Reprint all of the data below exactly as shown and skip every image.

#### [Supplied information]
▽
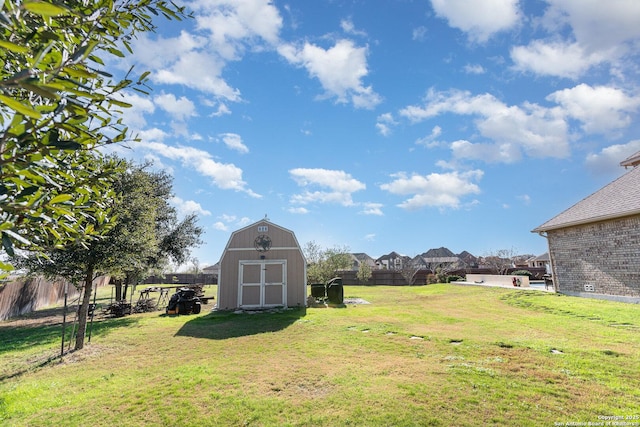 view of yard featuring a storage unit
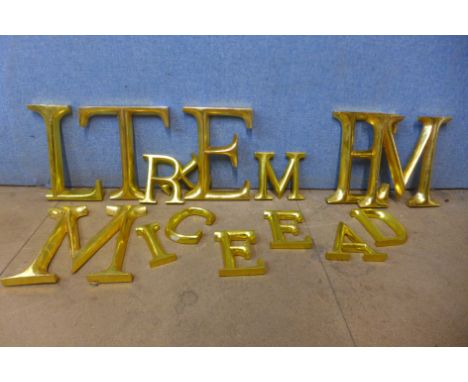 Assorted gilt letters, light fittings, etc. 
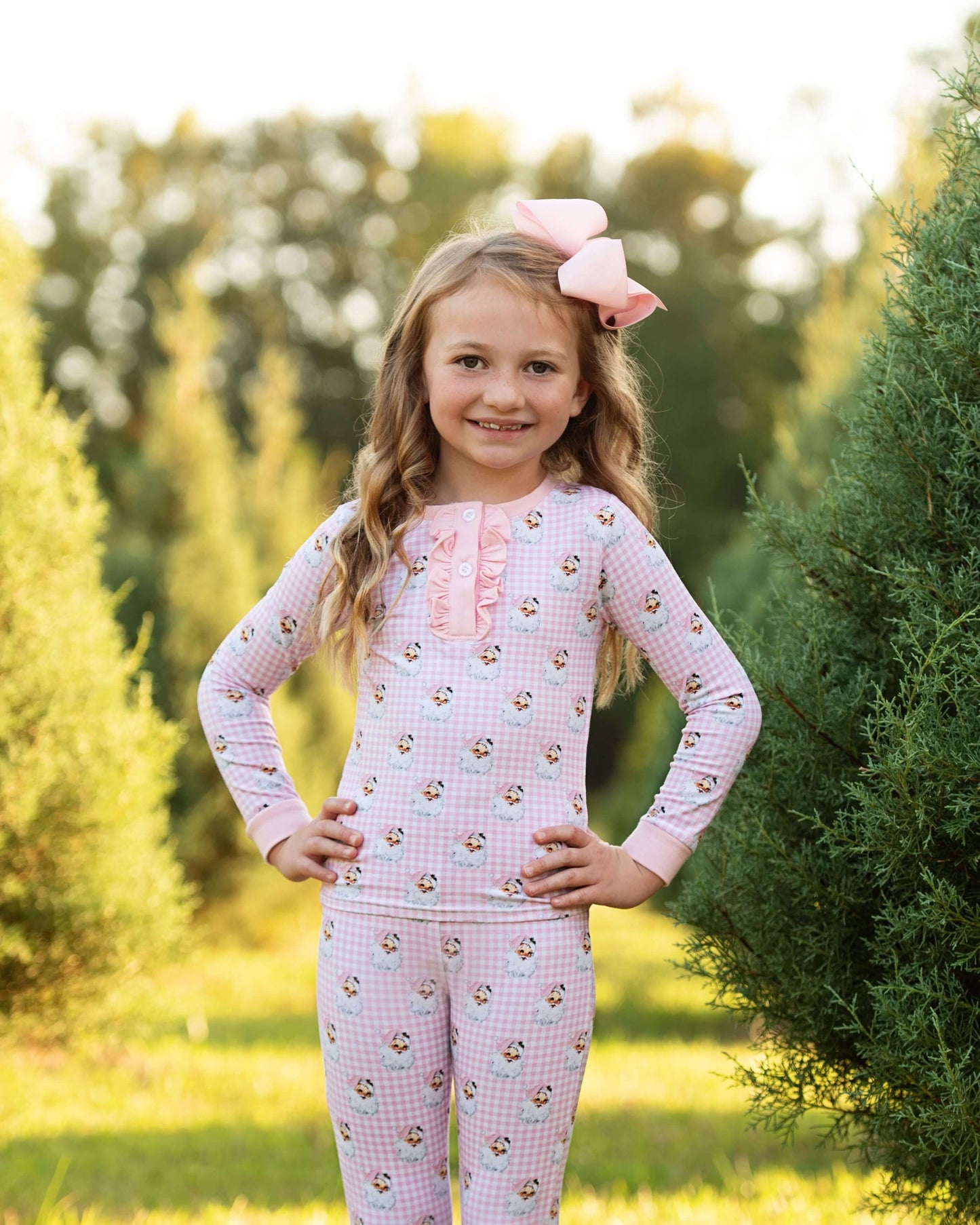 Young girl wearing a pink floral outfit with a matching headband in a garden setting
△
#### [Answer]
 view of yard featuring a storage unit
 Assorted gilt letters, light fittings, etc. 
 Young girl wearing a pink floral outfit with a matching headband in a garden setting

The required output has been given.